======== Input data
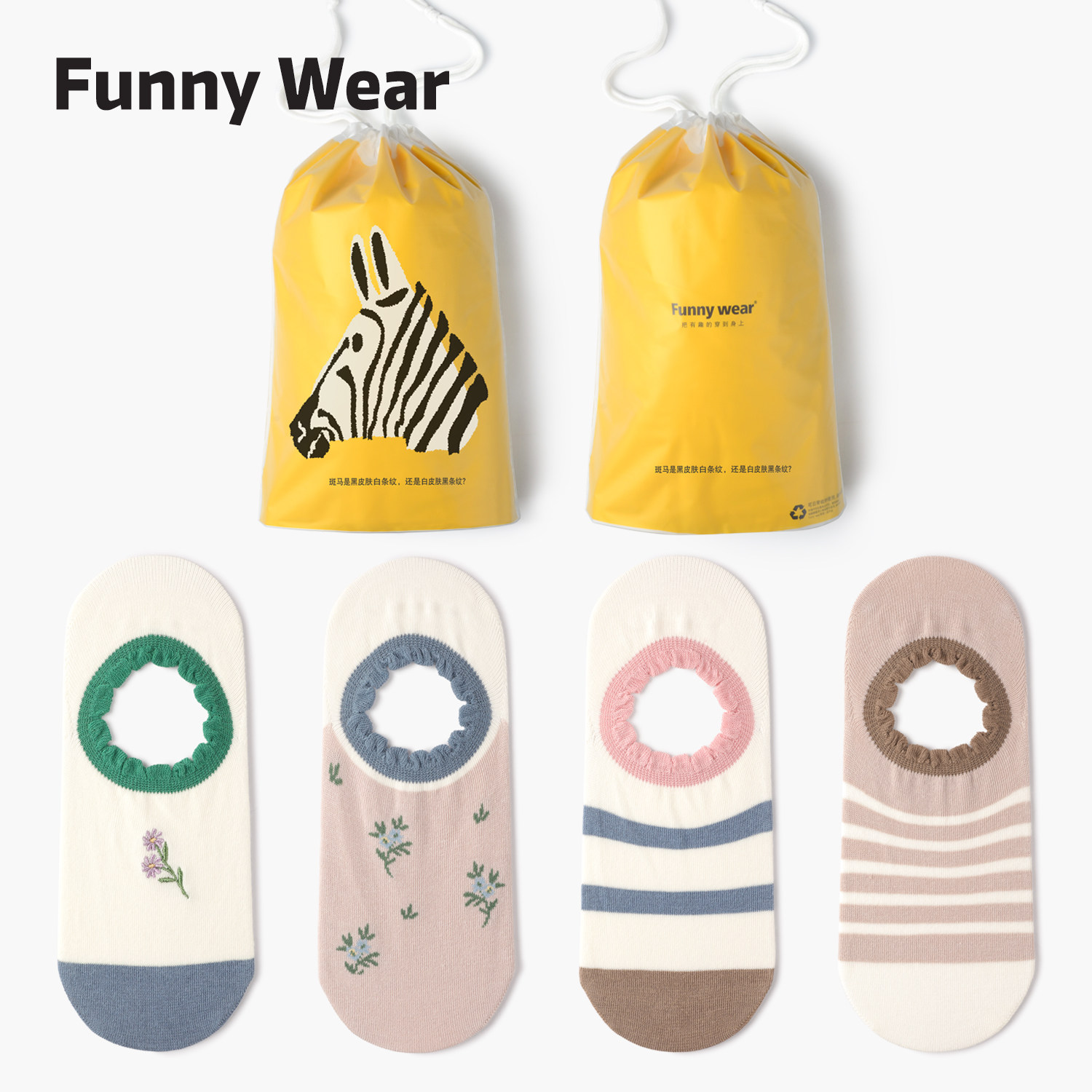 袜子女船袜夏季薄款卡通短袜硅胶不掉跟隐形袜可爱低帮浅口无骨袜,女士内衣/男士内衣/家居服,船袜,淘宝优惠券,粉丝福利购,淘宝优惠卷
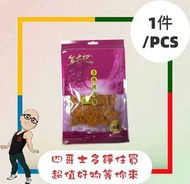 金安記 - 金安記香辣豬肉絲(120G)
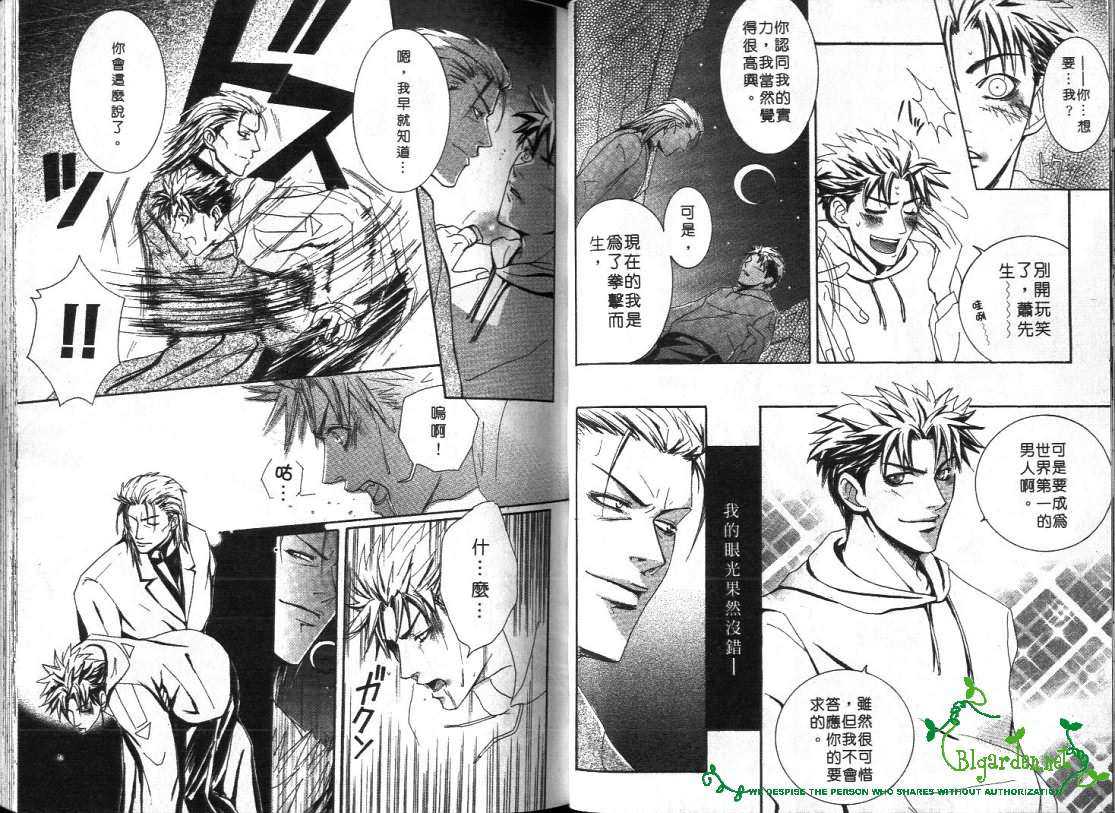 《窗外有男天》漫画最新章节 第1卷 免费下拉式在线观看章节第【20】张图片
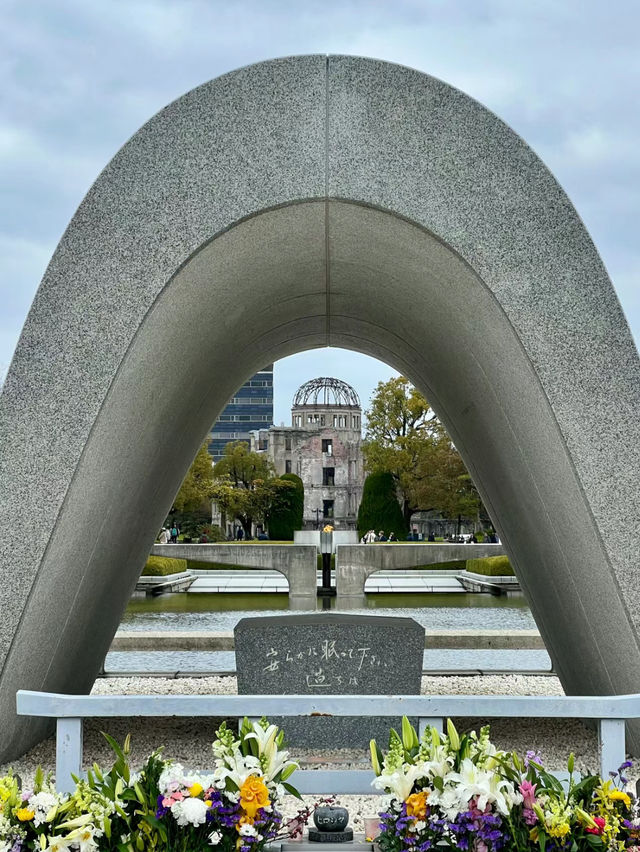 Hiroshima japan is The city of  History 🇯🇵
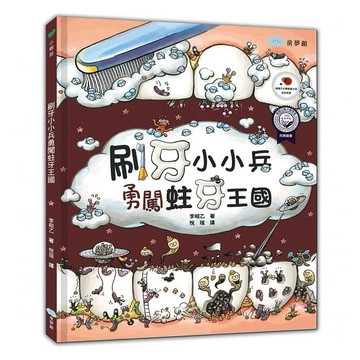 童夢館 刷牙小小兵勇闖蛀牙王國 大醬童書專賣店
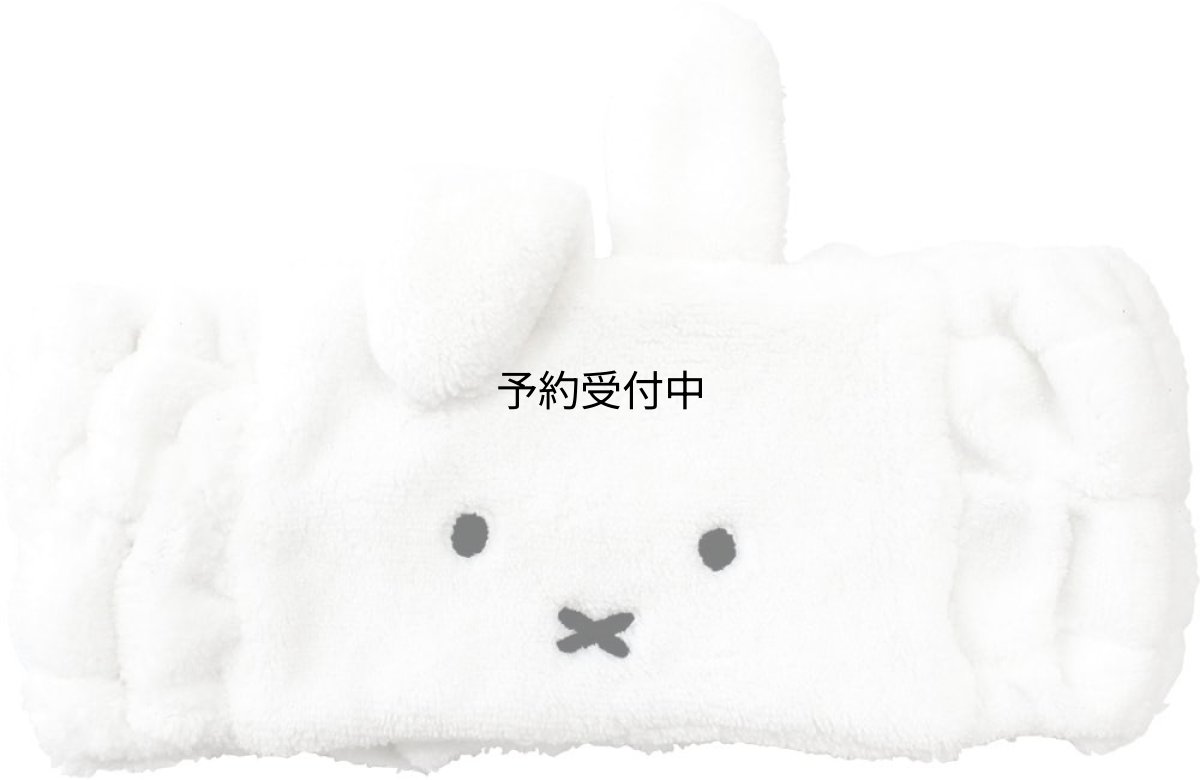 画像1: ティーズファクトリー ミッフィー フェイスヘアバンド ダーン ＭＦ?５５４８２５８ＤＮ (1)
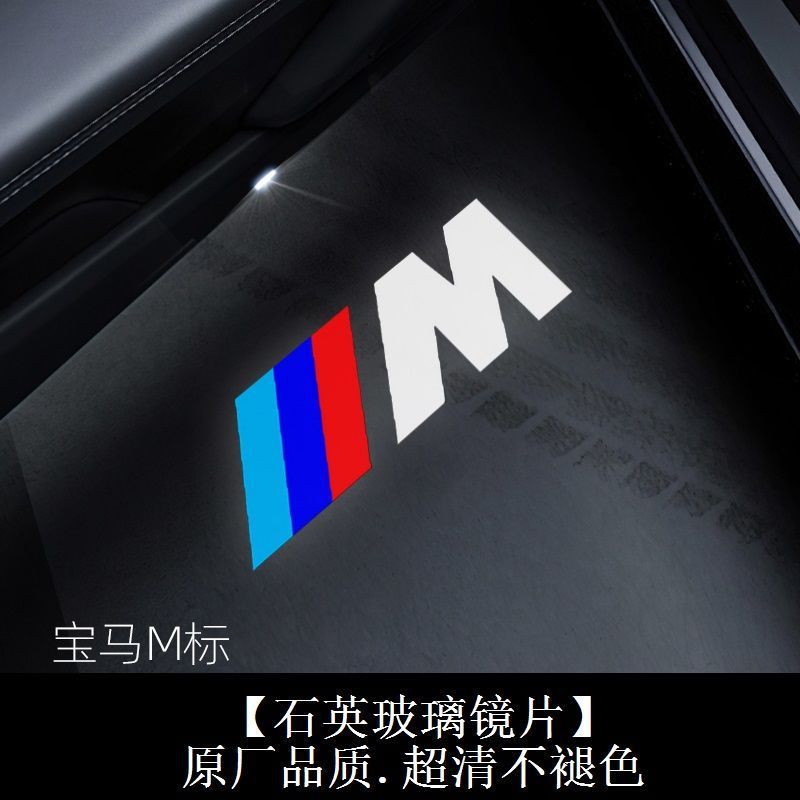 LOGO BMW M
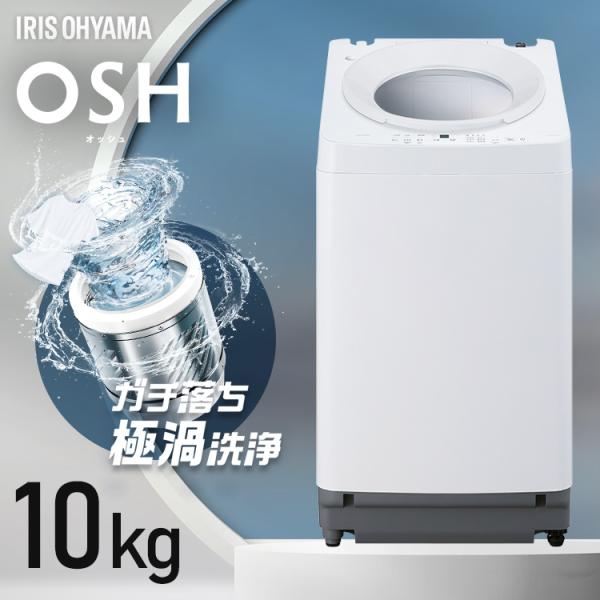 IRIS OHYAMA（アイリスオーヤマ） 洗濯機 10kg 縦型 全自動洗濯機 ガチ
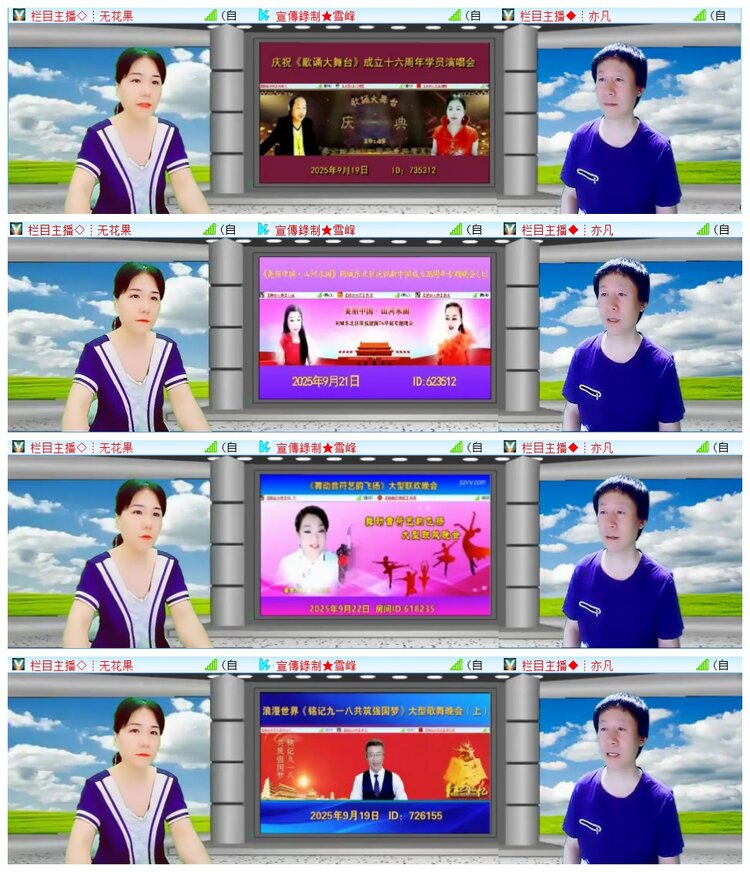 执白🎤V娱热点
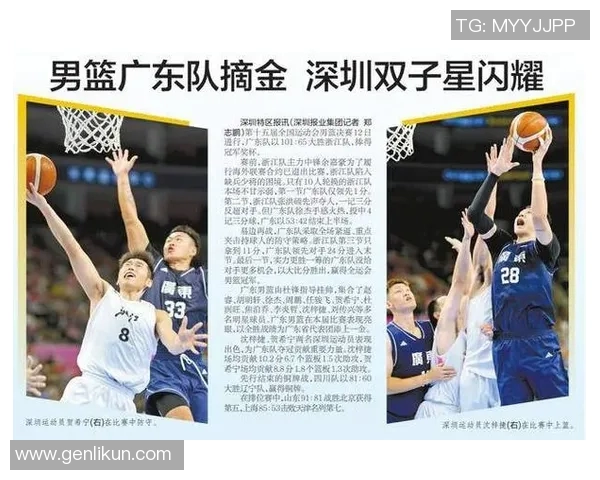 深圳篮球队技术实力飙升引领新潮流成就篮球技术排名新高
================
From the first line to the last, retype the data exactly, but omit every image.

### Answer to the problem:
 袜子女船袜夏季薄款卡通短袜硅胶不掉跟隐形袜可爱低帮浅口无骨袜,女士内衣/男士内衣/家居服,船袜,淘宝优惠券,粉丝福利购,淘宝优惠卷
 金安記 - 金安記香辣豬肉絲(120G)
 《窗外有男天》漫画最新章节 第1卷 免费下拉式在线观看章节第【20】张图片
 Hiroshima japan is The city of  History 🇯🇵
 童夢館 刷牙小小兵勇闖蛀牙王國 大醬童書專賣店
 画像1: ティーズファクトリー ミッフィー フェイスヘアバンド ダーン ＭＦ?５５４８２５８ＤＮ (1)
 LOGO BMW M
 IRIS OHYAMA（アイリスオーヤマ） 洗濯機 10kg 縦型 全自動洗濯機 ガチ
 执白🎤V娱热点
 深圳篮球队技术实力飙升引领新潮流成就篮球技术排名新高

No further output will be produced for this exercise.